Our friend Peter Mayer has written a song in which he sings,
"Stirrin' up the water
Stirrin' up my soul
A light comes to the darkness
Come and make me whole
Oh Stir it up, stir it up, Oh Lord"
The light comes to the darkness. It might be the kind of darkness that exists because there is a lack of light. It might be the kind of darkness that comes when loneliness and depression flow over one like the waves of the sea. It might be the darkness of death and the residual grief that exists far longer than most people are willing to acknowledge and recognize.

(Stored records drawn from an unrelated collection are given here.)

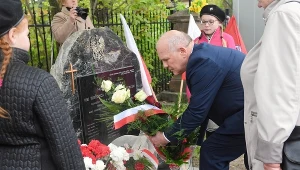 Wnuk jednych z zamordowanych, Piotr Książek uczestniczy w odsłonięciu obelisku upamiętniającego ofiary ze wsi Wierzbica i Wolica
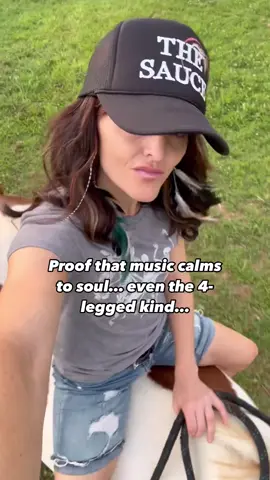 She used to be mine. #country #singer #horse 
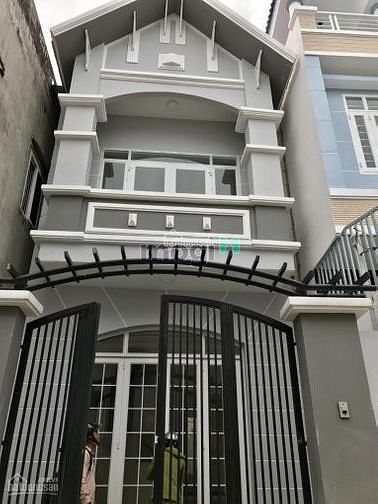 Hình ảnh * Cho thuê nhà 451/D1 Hai Bà Trưng, phường 8, Quận 3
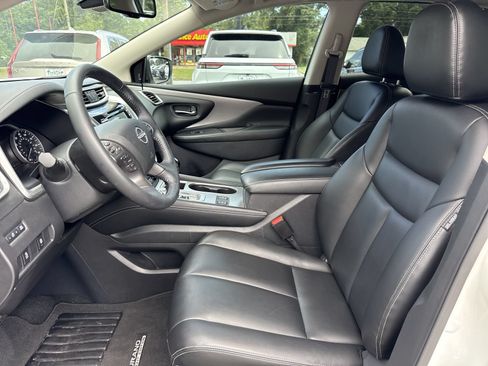 Used 2024 Nissan Murano SV w/ SV Midnight Edition Package FWD image 9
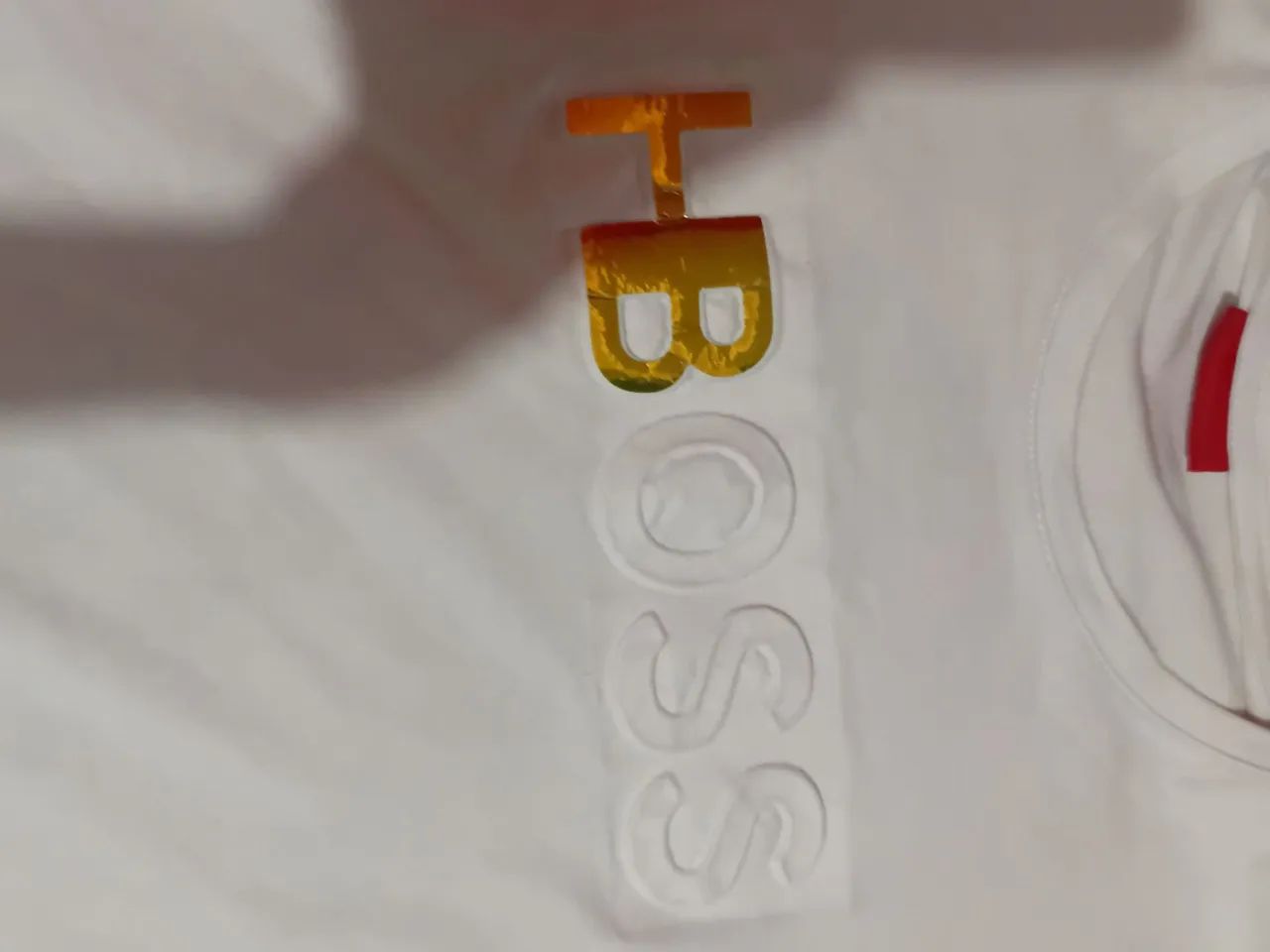 CAMISETA HUGO BOSS BÁSICA - Foto 3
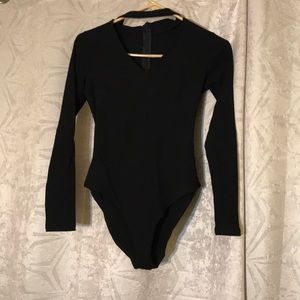 Black v-neck/ choker bodysuit •Brand New•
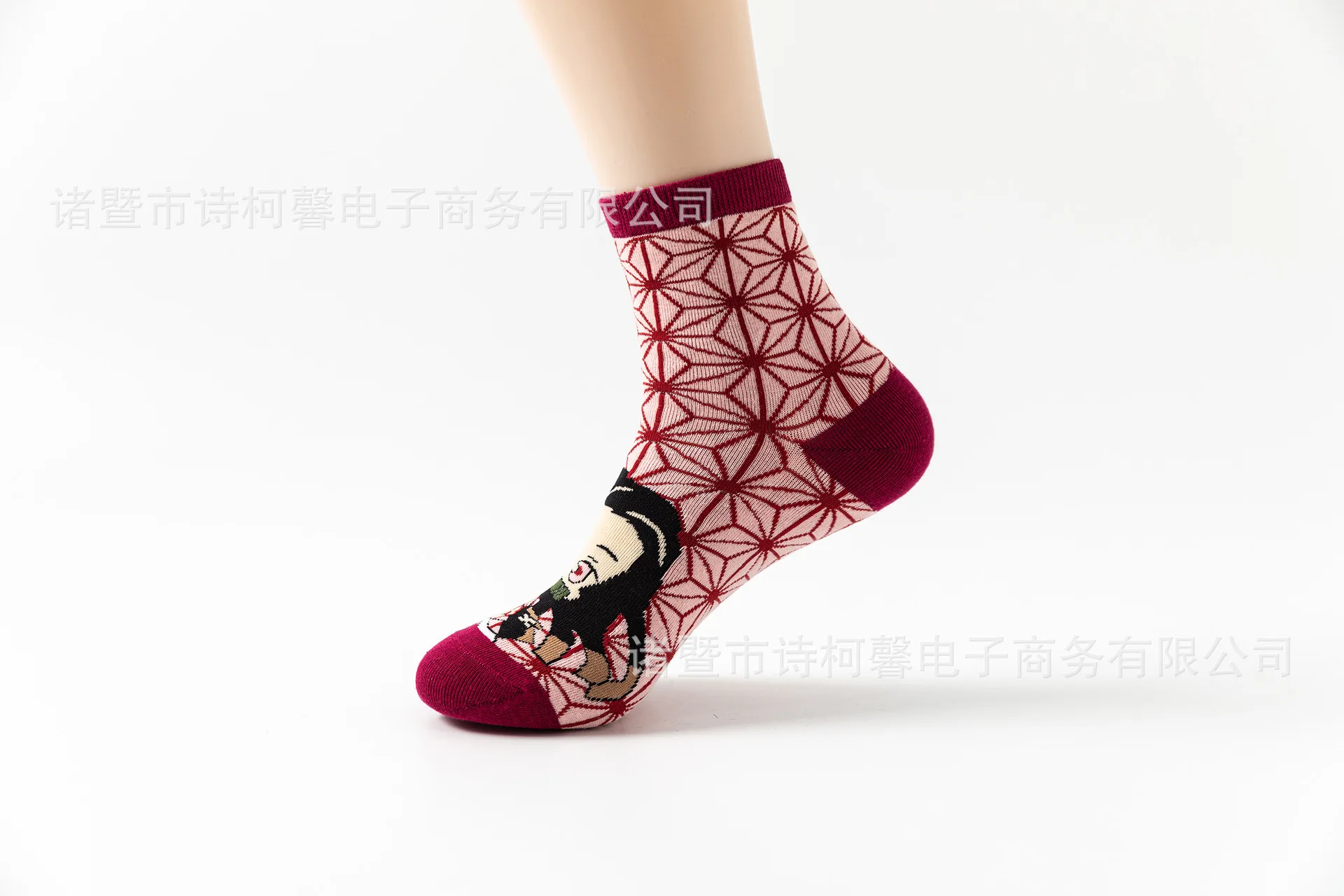 Cosplay&ware 5 Pairs Box Hottest Fashionable Anime Demon Slayer Cosplay Blade Middle Tube Socks Cotton Warm 26 Cosplay&ware 5 Pairs Box Hottest Fashionable Anime Demon Slayer Cosplay Blade Middle Tube Socks Cotton Warm -Zentai shop online H67e64ac291a14d5ead158cb2d0132bda8.jpg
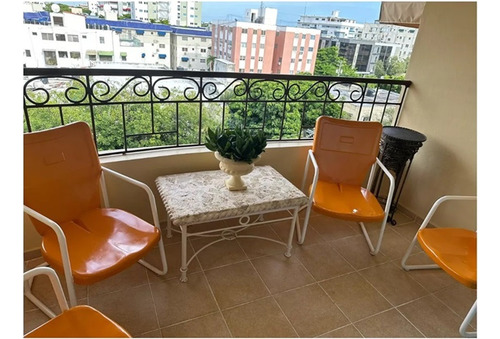 Alquilo Apto Amueblado En Gazcue, 2 Habs., 140 Mts.2, Balcon, 5to Piso, Torre Hilda Maria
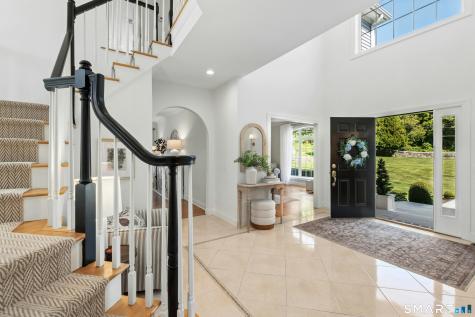 81 Pine Hill Road New Fairfield CT 06812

Mary Magdalene was in the darkness. She couldn't see because her heart was broken, her dreams were shattered, her hope was lost. But, the good news is that Jesus came to her as she was wandering and wondering around in the dark.
15 Jesus said to her, "Woman, why are you weeping? Whom are you looking for?"
In an interesting case of mistaken identity, she thinks Jesus is the "gardener." I've always thought that to be such a funny/interesting line, but maybe she is more accurate than she knows. For earlier in this gospel Jesus said, "I am the vine, you are the branches. Those who abide in me and I in them bear much fruit, because apart from me you can do nothing," (John 15:5).
Despite the darkness, the cloudiness, the fog of grief that she is wrapped in, the LIGHT shines in the darkness, the LIGHT no darkness can overcome.
Jesus simply calls her by name, "Mary." And then she says, "Rabbouni," which means "my teacher." She then takes off and has perhaps the shortest Easter sermon on record, "I have seen the Lord." Five simple words of authentic testimony. "I HAVE SEEN THE LORD." She doesn't say, "I've thought about the Lord." But, "I've SEEN the Lord."
The LIGHT SHINES in the darkness; it makes us whole.
God bless you and let your light so shine before others that they may see your good works and glorify your Father in Heaven.
Christ is Risen. Christ is RISEN INDEED!